Seasons 52, a national restaurant chain and part of the Darden family of restaurants, agreed to pay $2.85 million to settle a nationwide age discrimination class action lawsuit brought by the U.S. Equal Employment Opportunity Commission (EEOC). The consent decree also requires significant changes to Seasons 52's recruitment and hiring practices, including a decree compliance monitor who is charged with ensuring that Seasons 52 complies with the decree's terms. The plaintiffs will be invited to reapply for employment. Moreover, in connection with the settlement, the EEOC signaled that the agency will continue to be active in pursuing failure-to-hire age discrimination claims, especially on a class-wide basis because it thinks individuals are less likely to bring these cases.

In the lawsuit, the EEOC alleged that applicants ages 40 and older had been denied both "front-of-the-house" and "back-of-the-house" positions at 35 Seasons 52 restaurants around the country in violation of the Age Discrimination in Employment Act. During the course of the litigation, more than 135 applicants provided sworn testimony that Seasons 52 hiring managers asked them their age or made age-related comments during their interviews. Comments allegedly made included: "Seasons 52 girls are younger and fresh"; "We are not looking for old, white guys"; "Most of the workers are younger"; "Seasons 52 hires young people"; and "We are looking for someone with less experience." In addition, records indicated that Seasons 52 hired applicants who are 40 years of age and older at a significantly lower rate than applicants under age 40.

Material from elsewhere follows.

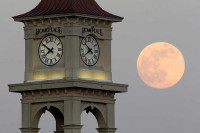 Potrebno uspostaviti standard lunarnog vremena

A key lesson of the lawsuit is that employers should avoid comments or phrases that could be construed as a euphemism for age, such as "fresh," "recent college graduate" and "energetic," or "old school," "set in his ways," and "out of touch with what's new and hip." The EEOC — and savvy plaintiffs' attorneys — will use these types of phrases as evidence that the employer's legitimate reason for not selecting an applicant is actually a pretext for unlawful age discrimination.